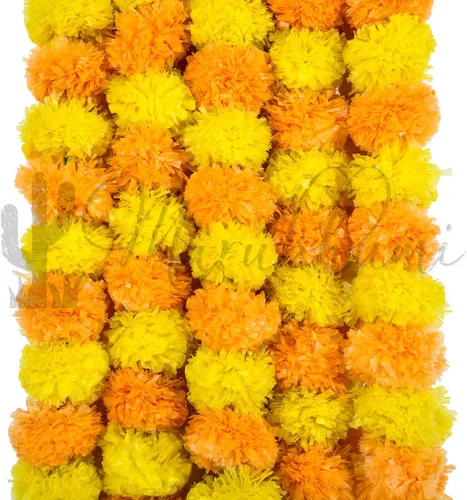 Tira de flores artificiales Marubhumi, 5 unidades de 4,5 pies de largo, flores de caléndulas, guirnalda para decoración Diwali, decoración Amarillo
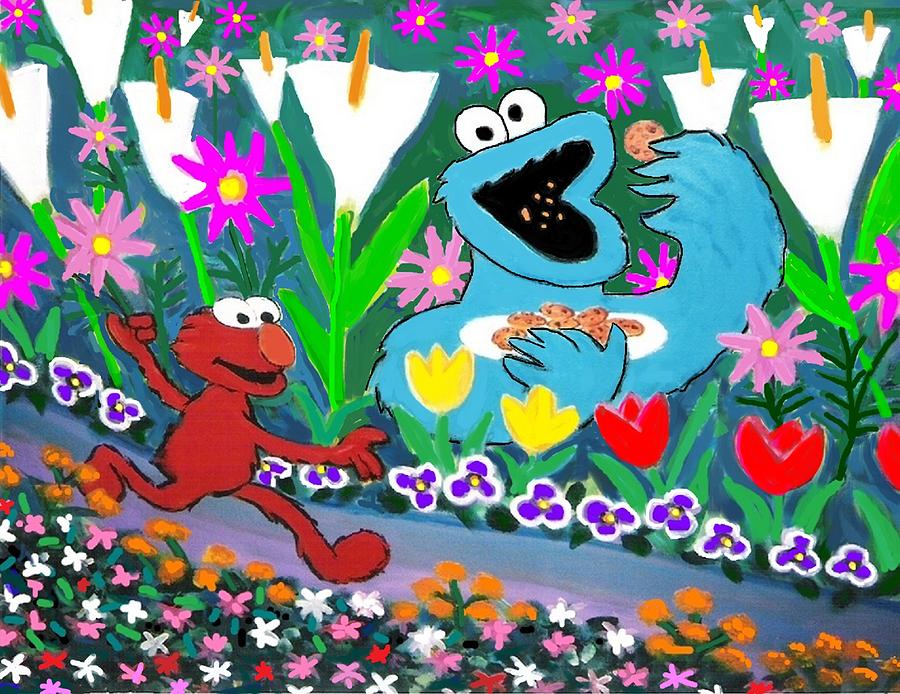 Sesame Street Painting - Elmo and the Cookie Monster by Frank Strasser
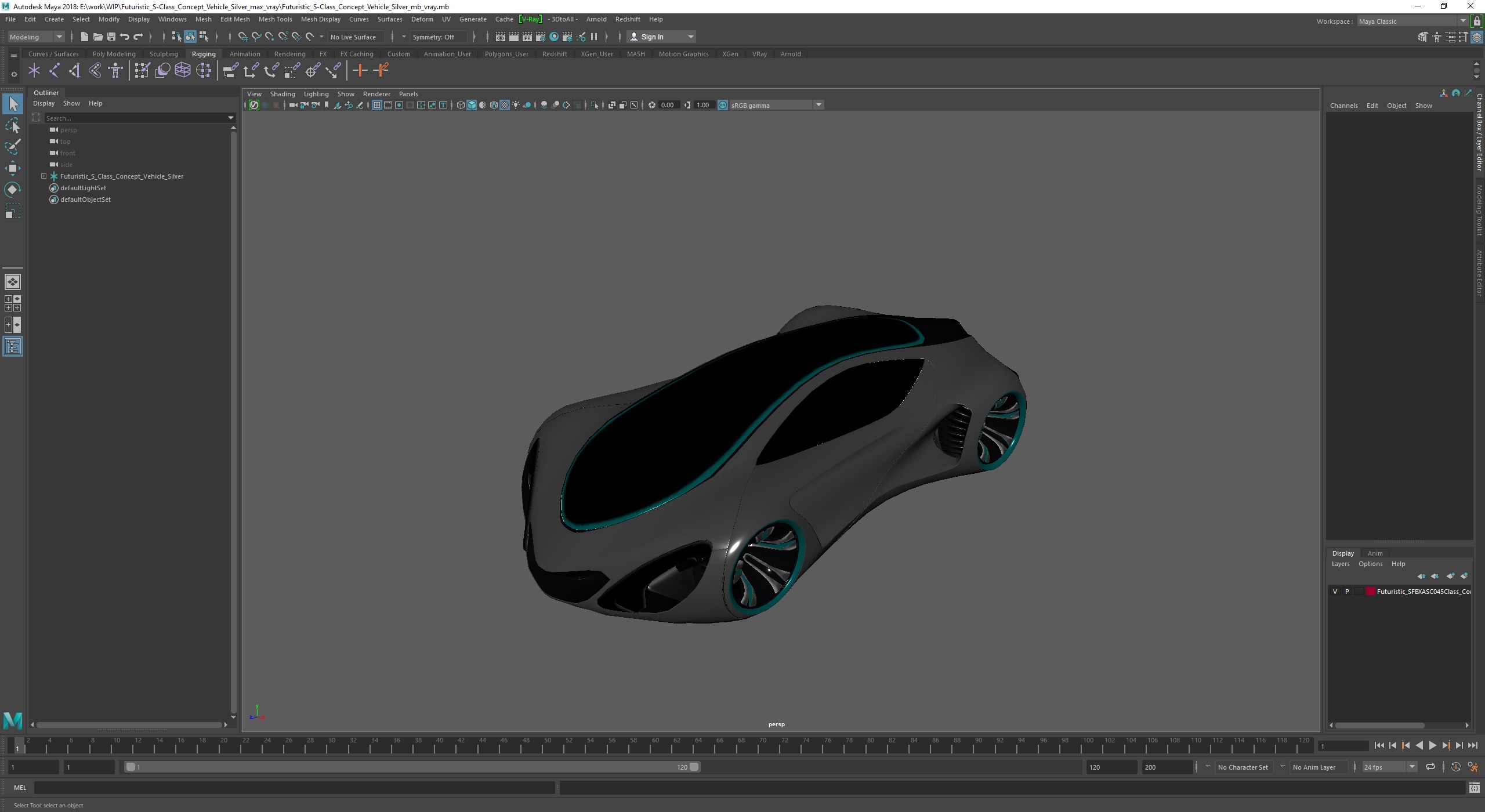 3D Futuristic S-Class Concept Vehicle Silver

= = = = =

# Task objective
Starting at the line that contains "Sesame Street Painting", output every line through the end of the data, both ends included, and nothing else; pictures stay out.

# Solution to this exercise
 Sesame Street Painting - Elmo and the Cookie Monster by Frank Strasser
 3D Futuristic S-Class Concept Vehicle Silver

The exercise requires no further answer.